Singularities of manifolds modulo groups (1)

Question

Happy easter to everyone!

I was wondering which kind of "local pictures" can arise when one quotients a manifold modulo the action of a finite group. I will call a $G$-manifold a space $X$ that can be obtained as the quotient $\tilde{X}/G$ for some space $\tilde{X}$.

Since this is a big question, I will try to cut the problem into smaller funnier pieces which can actually be answered.

Let me do an observation. If $(M, \partial M) $ is a manifold with boundary, then it is a $\mathbb{Z}_2$ - space. Indeed, if you glue two copies of $M$ along the boundary you will get a manifold: in a neighborhood of a point on the boundary, we have two copies of $\mathbb{R}^{n-1}\times \mathbb{R}_{\ge 0} $ glued along $\mathbb{R}^{n-1}\times \mathbb{R}_{= 0} $ , which is $\mathbb{R}^n$.

Question.
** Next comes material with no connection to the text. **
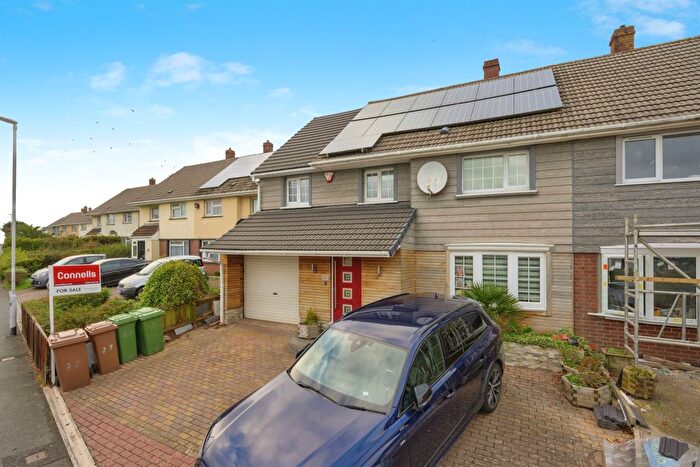 4 Bedroom Semi Detached House For Sale In Roberts Road, Plymouth, PL5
Suppose $X$ is a smooth $\mathbb{Z}_2$-space, that is it can be written as $\tilde{X}/\mathbb{Z}_2$ with $\mathbb{Z}_2$ acting smoothly on the (smooth) manifold $\tilde{X}$.
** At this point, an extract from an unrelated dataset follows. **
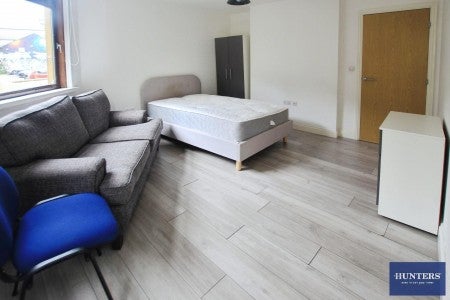 Flat James Street in Bradford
1. Are the fixed points $\tilde{X}^G$ a submanifold of $\tilde{X}$?
2. Suppose $\tilde{X}^G$ is a submanifold of codimension 1. Is $X$ a manifold with boundary $\simeq \tilde{X}^G$?

Answer 1

First, let me make a comment about terminology. It is standard to use the term $\boldsymbol G$-space for a topological space equipped with a continuous action of a topological group $G$, and the term $\boldsymbol G$-manifold for a $G$-space that is also a manifold. Your space $\widetilde X$ on which $G$ acts is an example of a $G$-space, but the quotient space $\widetilde X/G$ is not (unless you give it the trivial $G$-action, which is not what you mean here); and since it's typically not a manifold at all, it's definitely not a $G$-manifold. You are of course free to introduce your own terminology for such a thing, but it's an exceedingly bad idea to use a term that has a well-accepted standard meaning and define it to mean something else. So you should think of another term for such a quotient space.

To address your specific questions about $\mathbb Z_2$ actions:

1. Are the fixed points $\tilde{X}^G$ a submanifold of $\tilde{X}$?

Yes. This MSE answer gives a proof.

2. Suppose $\tilde{X}^G$ is a submanifold of codimension 1. Is $X$ a manifold with boundary $\simeq \tilde{X}^G$?

Yes. If you follow the proof that I linked to above (or probably also the Klingenberg proof linked there), you'll see that in a neighborhood of each fixed point, the action by the nontrivial element of $\mathbb Z_2$ has a local coordinate represention of the form $(x^1,\dots, x^{n-1}, x^n) \mapsto (x^1,\dots, x^{n-1},-x^n)$. From there, it's easy to construct boundary coordinates for the quotient space. On the other hand, the fact that it's a diffeomorphism means that it maps a small coordinate neighborhood of each non-fixed point diffeomorphically onto a coordinate neighborhood of its image, and you can use this to construct an interior chart for the quotient in the same way one does for a free action.